What to work on
Search the listing below for the line containing "Pablo Picasso Spadem cm 28x38 edizione 250". From there through the line containing "Hotel Home Arcachon Dış mekan fotoğraf", transcribe every line exactly, both ends included.

::: Listed entries :::

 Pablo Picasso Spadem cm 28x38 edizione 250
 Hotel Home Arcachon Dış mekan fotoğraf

:::
::: Listed entries :::

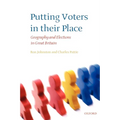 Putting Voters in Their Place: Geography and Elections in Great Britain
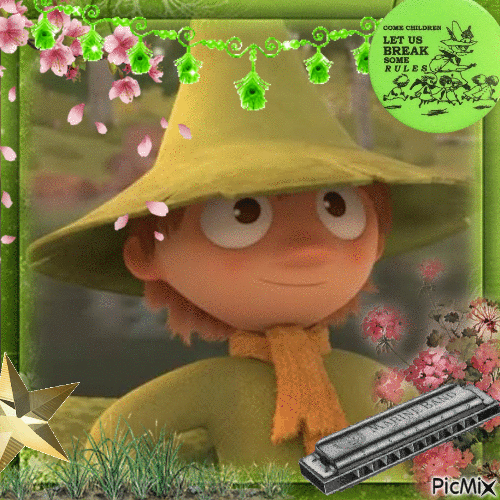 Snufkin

:::

Answer box
 Pablo Picasso Spadem cm 28x38 edizione 250
 Hotel Home Arcachon Dış mekan fotoğraf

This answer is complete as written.